Stored data entries:
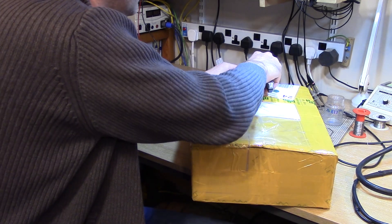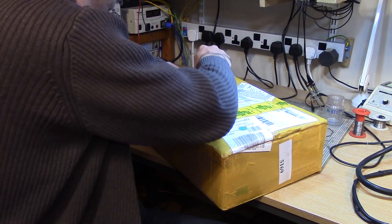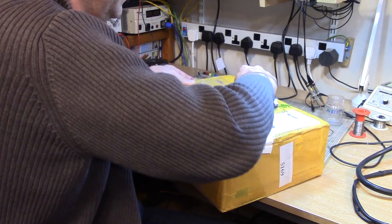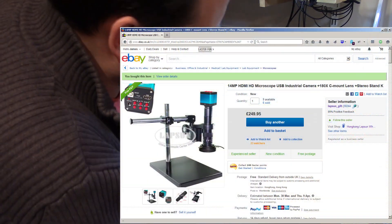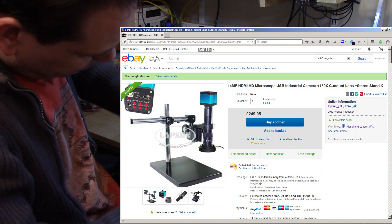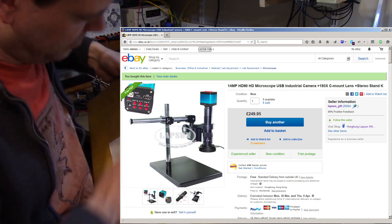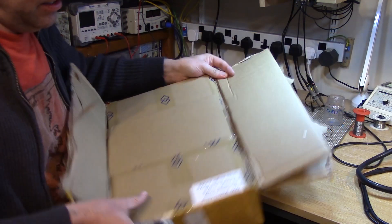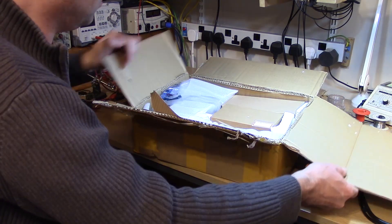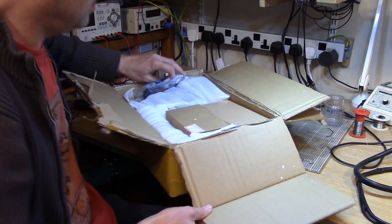So I thought I'd try and get myself something significantly better this time. I'll show you the eBay page I got this from. It's certainly well packed — a box within a box arrangement. Let's see what I got.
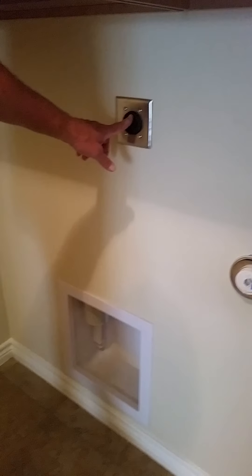That's your exhaust vent for your dryer — you put your silver flex duct on that. That's where your lint goes.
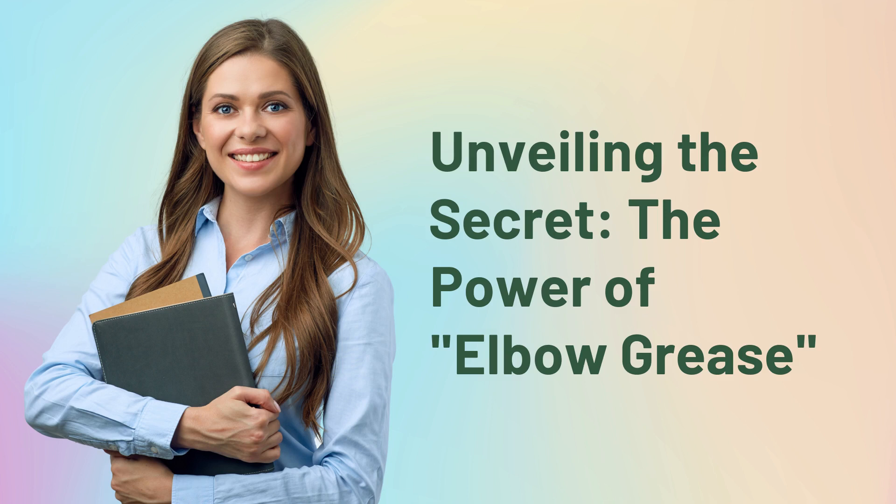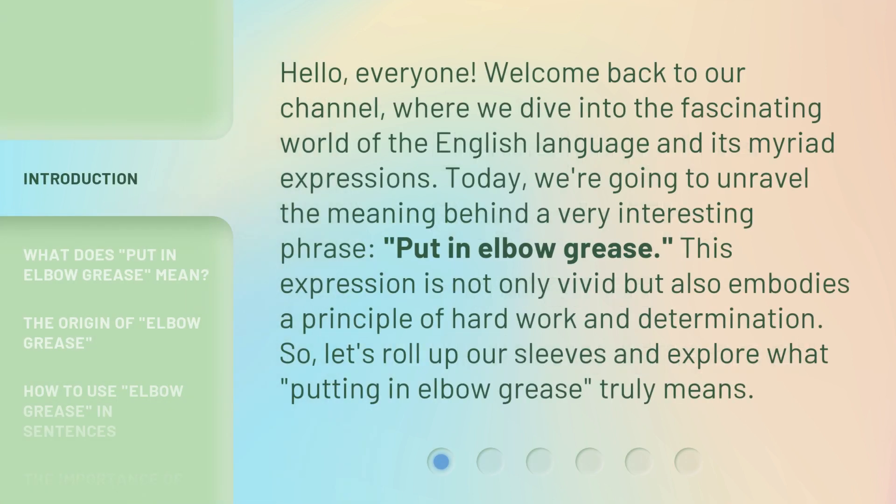Unveiling the secret: the power of elbow grease. Hello everyone, welcome back to our channel, where we dive into the fascinating world of the English language and its myriad expressions. Today, we're going to unravel the meaning behind a very interesting phrase: put in elbow grease. So, let's roll up our sleeves and explore what putting in elbow grease truly means.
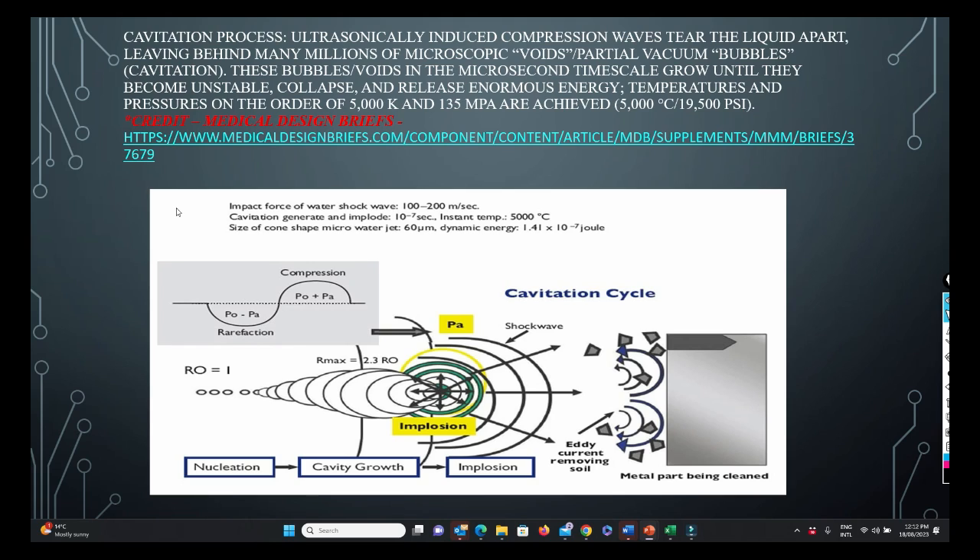A bit more on the cavitation process: ultrasonically induced compression waves tear the liquid apart, leaving behind millions of microscopic partial-vacuum bubbles — cavitation. These bubbles grow until unstable, collapse, and release enormous energy. Temperatures and pressures on the order of 5,000 K and 135 MPa are achieved in higher-end ultrasonics. This is why ultrasonic cleaning gets into the tiny nooks, crannies, and fissures inside a chain that container cleaning cannot.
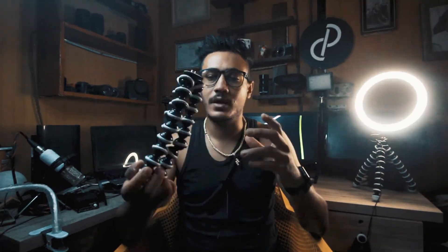So today I'm coming here with this new Gorilla pod. It is not a genuine one, it is not from Joby, but this is the cheapest Gorilla pod that you can get under $10. This Gorilla pod is manufactured for smartphones.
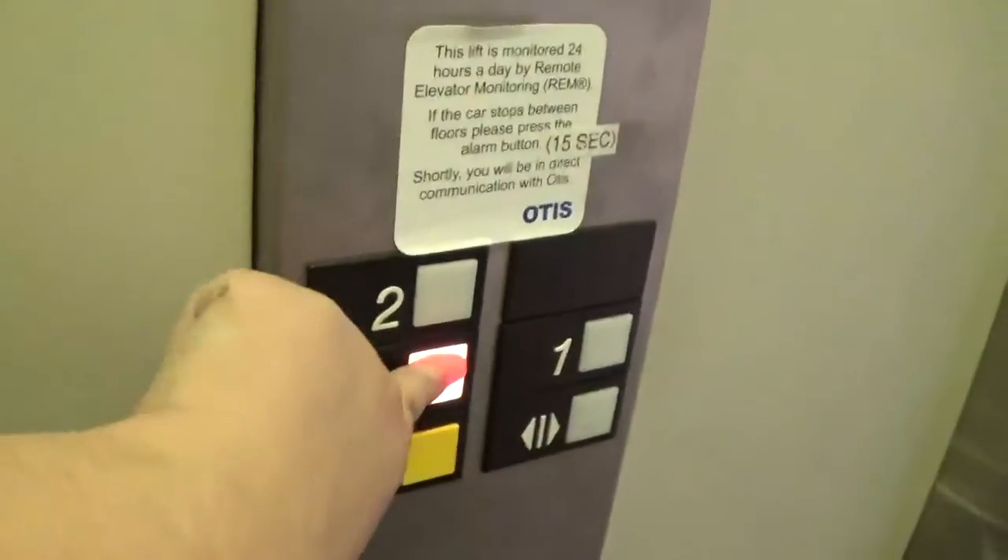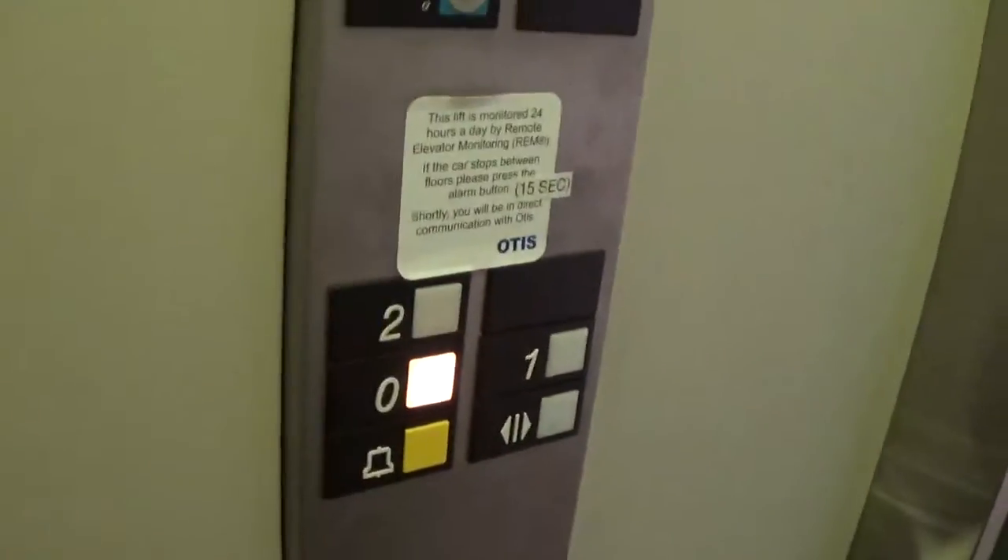Here it is. You can see the Otis logo. Two is not in use.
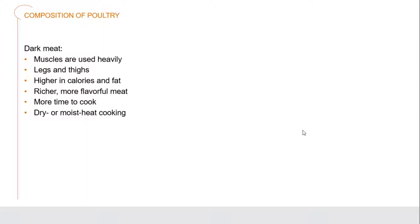Moving on to the dark meat - where these are much more muscular in their nature, they have a lot more flavor to them. They do have a higher fat content, so much more dense meat in general. Because of all of this, it does take longer to actually cook them. But that's fine because they have that fat content around them, so they don't dry out anywhere near as quickly. We have to be careful if we're cooking the breast and the thighs and legs together - we have to take more care of the breasts so they don't dry out in the process. Dark meat can be cooked in either dry or moist heat cooking processes.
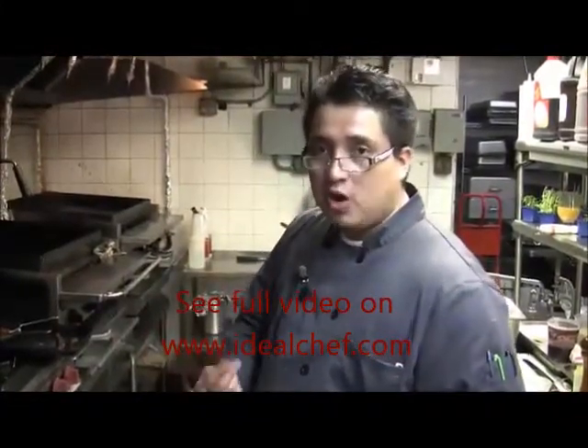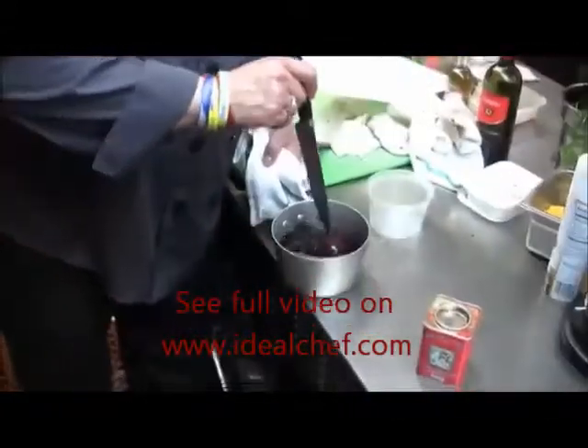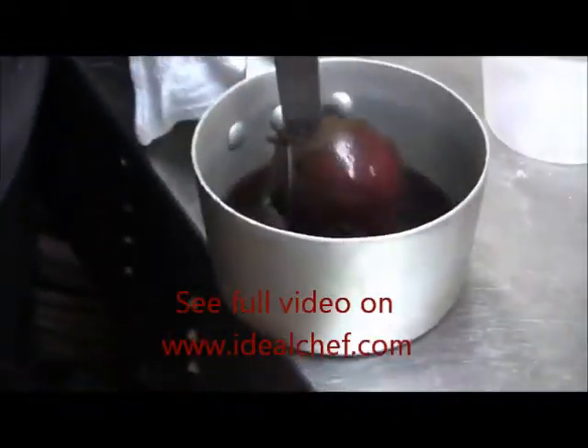Let it boil, two hours simmering. It's going to be ready to go. When you see it like this, you put a knife in the middle — it's ready to go. It's ready to eat.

TASK TO COMPLETE: Only the pictures are to be excluded; all other parts of the records above are to be given exactly.

EXPECTED ANSWER:
So I thought I'd try and get myself something significantly better this time. I'll show you the eBay page I got this from. It's certainly well packed — a box within a box arrangement. Let's see what I got.
That's your exhaust vent for your dryer — you put your silver flex duct on that. That's where your lint goes.
Unveiling the secret: the power of elbow grease. Hello everyone, welcome back to our channel, where we dive into the fascinating world of the English language and its myriad expressions. Today, we're going to unravel the meaning behind a very interesting phrase: put in elbow grease. So, let's roll up our sleeves and explore what putting in elbow grease truly means.
A bit more on the cavitation process: ultrasonically induced compression waves tear the liquid apart, leaving behind millions of microscopic partial-vacuum bubbles — cavitation. These bubbles grow until unstable, collapse, and release enormous energy. Temperatures and pressures on the order of 5,000 K and 135 MPa are achieved in higher-end ultrasonics. This is why ultrasonic cleaning gets into the tiny nooks, crannies, and fissures inside a chain that container cleaning cannot.
So today I'm coming here with this new Gorilla pod. It is not a genuine one, it is not from Joby, but this is the cheapest Gorilla pod that you can get under $10. This Gorilla pod is manufactured for smartphones.
Here it is. You can see the Otis logo. Two is not in use.
Moving on to the dark meat - where these are much more muscular in their nature, they have a lot more flavor to them. They do have a higher fat content, so much more dense meat in general. Because of all of this, it does take longer to actually cook them. But that's fine because they have that fat content around them, so they don't dry out anywhere near as quickly. We have to be careful if we're cooking the breast and the thighs and legs together - we have to take more care of the breasts so they don't dry out in the process. Dark meat can be cooked in either dry or moist heat cooking processes.
Let it boil, two hours simmering. It's going to be ready to go. When you see it like this, you put a knife in the middle — it's ready to go. It's ready to eat.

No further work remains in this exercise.